» TASK TO CARRY OUT: Leaving out every picture, quote the data below exactly as it appears.

» DATASET CONTENT:
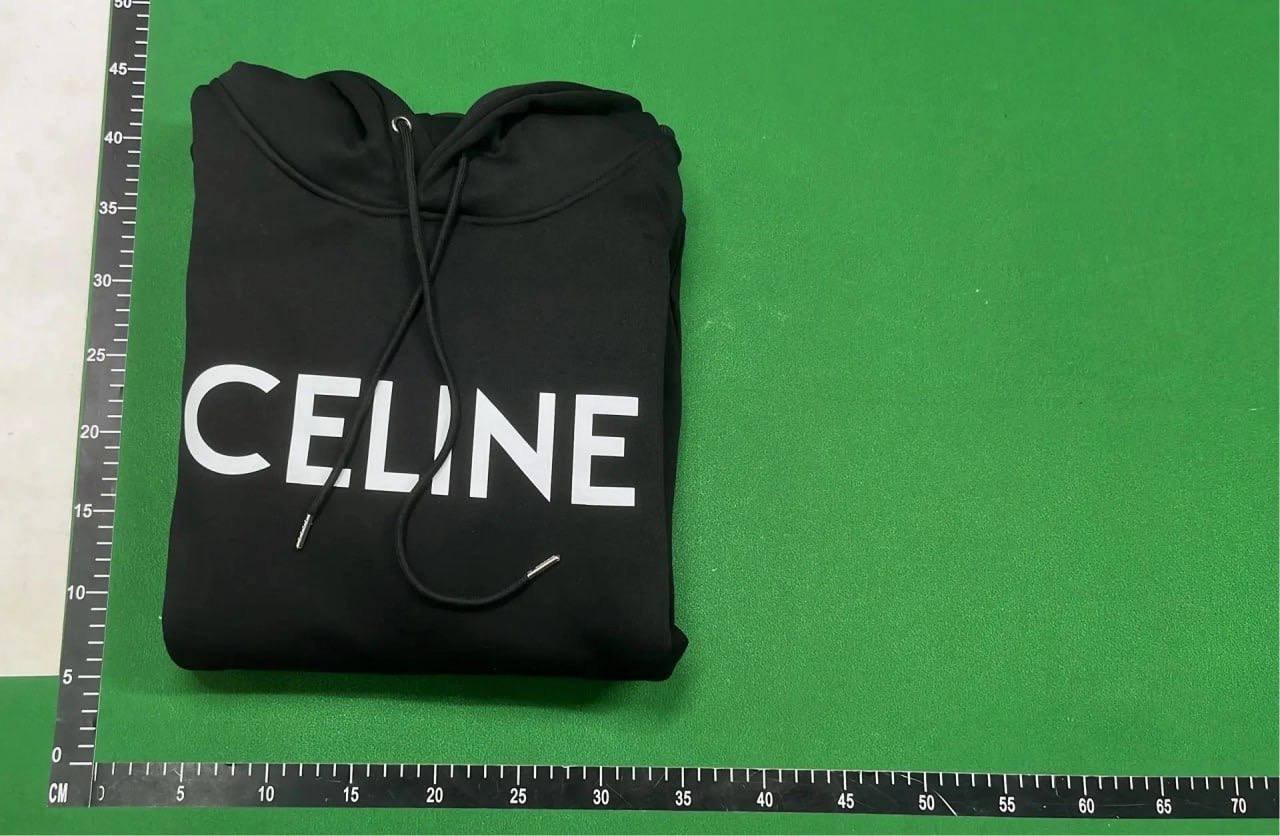 CELINE hoodie suit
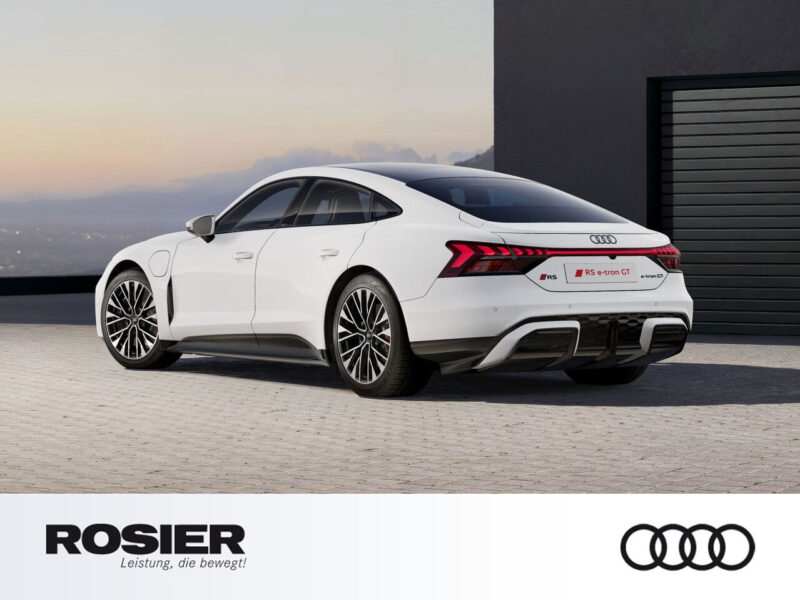Bild 3 - RS e-tron GT im Gewerbekunden-Leasing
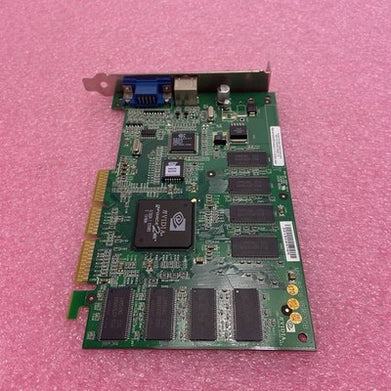 MSI MS-8826 VER:30B Nvidia GeForce2 MX 64MB AGP VGA TV Graphics Card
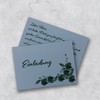 50 sheets DIN A5 paper - grey-blue - 120gr -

» WRITTEN SOLUTION:
 CELINE hoodie suit
Bild 3 - RS e-tron GT im Gewerbekunden-Leasing
 MSI MS-8826 VER:30B Nvidia GeForce2 MX 64MB AGP VGA TV Graphics Card
 50 sheets DIN A5 paper - grey-blue - 120gr -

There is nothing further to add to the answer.